# [GOAL OF THE EXERCISE]
Reproduce verbatim all of the data given below, but do not carry over the images.

# [SOURCE MATERIAL]
#####

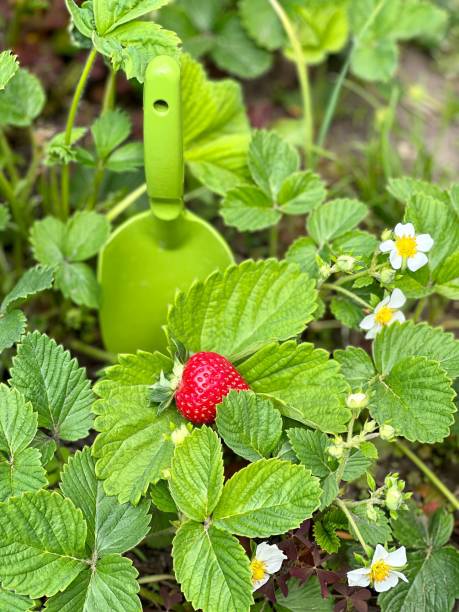 サマーガーデンのイチゴの茂み。美味しいイチゴの初ベリー。 - strawberry plant bush cultivated ストックフォトと画像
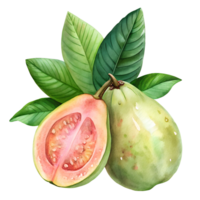 Watercolor hand drawn Guava with leaves stems isolate on transparency background png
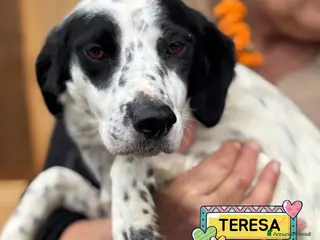 Meticcio cani TERESA dolce cagnolina 1 anno cerca adozione - Annuncio 18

#####

# [TASK SOLUTION]
 サマーガーデンのイチゴの茂み。美味しいイチゴの初ベリー。 - strawberry plant bush cultivated ストックフォトと画像
 Watercolor hand drawn Guava with leaves stems isolate on transparency background png
 Meticcio cani TERESA dolce cagnolina 1 anno cerca adozione - Annuncio 18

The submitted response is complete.